Take the time to understand what works for your list.
This may sound obvious, but in a year like 2018 it’s easy for it to get lost. The number of seats in play this cycle combined with the political environment has resulted in lots of national messaging from candidate campaigns. For Democrats, much of the focus is the fight to take back the House and take on Trump and administration policies. For Republicans, it’s the importance of keeping control of Congress and pushing for action on issues like immigration, which energize the party’s base.
But campaigns should guard against just defaulting to a national message in their fundraising or email programs, strategists warn. While special elections, and even some headline House contests, can run on national messaging and pull in millions of fundraising dollars as a result, most campaign email lists aren’t going to respond the same way.
“It matters who is on your list and how you’re growing that list,” said Tess Troha-Thompson of the Democratic firm New Blue Interactive. “The default can’t just be national messaging, because if your list isn’t national, it’s just not going to work.”
As much as some candidates and staffers like to think their race is make for break for their party, the reality is many ’18 races aren’t high-intensity, national contests. So make sure you’re investing in testing to better understand the themes and issues that drive action from supporters on your email list.
“Target, test, see what gets open rates up, and put the contribute button on the bottom so it’s part of it, but it’s not the only purpose of the email,” Troha-Thompson advised.
And remember, it’s never too late to test, particularly once more people start to tune in as Election Day nears.
Take a critical look at the balance in your email program.
How many of the emails your campaign is sending are results-oriented fundraising appeals? How many of them feature an urgent ask for small-dollar donors? How many emails are more content focused, aimed at engaging supporters on your list?
Part of getting this right is setting goals from the start and making sure there are clear lines of communication between the staffers and strategists helming your program.

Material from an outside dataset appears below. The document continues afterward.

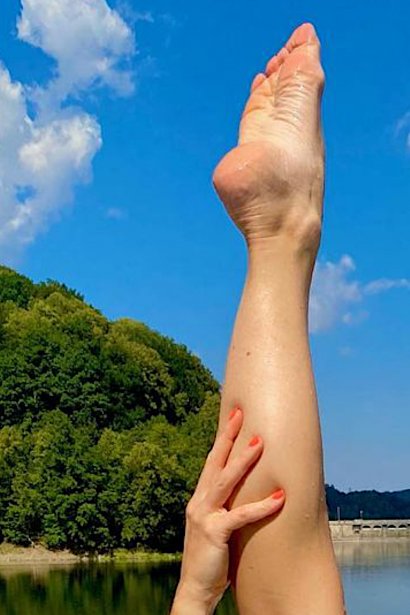 Pokazała, na co ją stać rozkładając nogi w...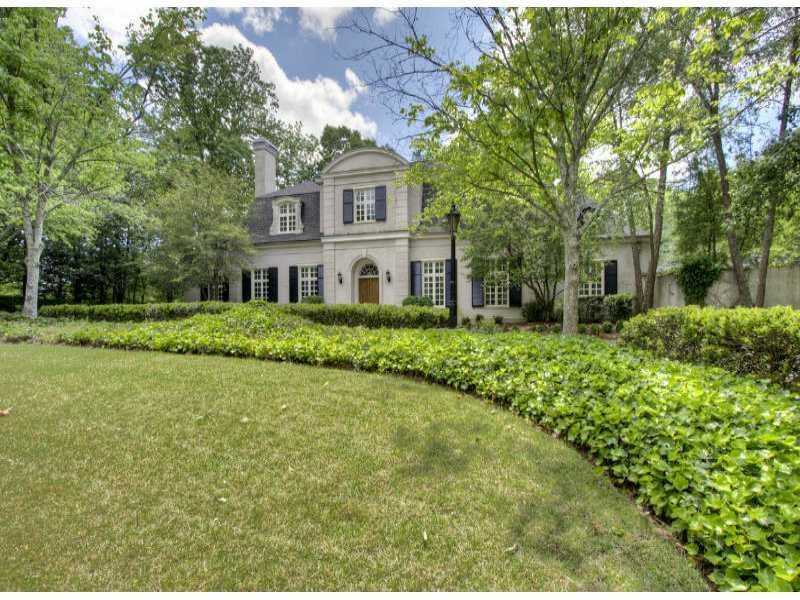 3224 Paces Bend Ct., Atlanta, GA 30327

“We have a big discussion up front,” said Troha-Thompson. “What’s the purpose of the email program? Are we fundraisers or are we communicators?”
Ian Hines, who heads the Republican firm Hines Digital, suggested “2-to-1” as a general rule of thumb for the ideal ratio of engagement emails to emails featuring a hard ask.
While there was general agreement that the healthiest lists prioritize building relationships, it ultimately comes down to a given client’s needs.
“I think people in our line of work have finally gotten the stomach to say ‘if it works, it works,’” said Hines. “As opposed to saying, ‘I feel a little uncomfortable sending an email like this.’”
Give supporters a clear reason to give.
One thing that's obvious this midterm year is that there’s plenty of energy to go around. That also means more campaigns and political organizations are competing for donors’ dollars.
A small-dollar donor program, stressed Troha-Thompson, is about more than just asking supporters for a small-dollar gift. It’s about giving people a clear reason to give.
“You can’t just say, ‘Give us $5 to fight back,’” she said. “In order to make it work, it has to be really clear what the transaction is and why it matters right at this moment.”
An ask crafted around a specific need allows small-dollar donors to visualize the impact their donation can have, and that’s particularly powerful in an election year that features large numbers of activists on both sides of the aisle who want to feel like they’re a part of something.
In the end, strategists at the C&E event stressed, there’s no single formula for success when it comes to small dollar, and they universally recommended a holistic approach that values a robust major dollar program in addition to a solid small dollar one.
“There are some clients that just take off: they have that passion that can invigorate people and get people excited,” said Carter Kidd, COO of Campaign Solutions. “But even they still need major donors.”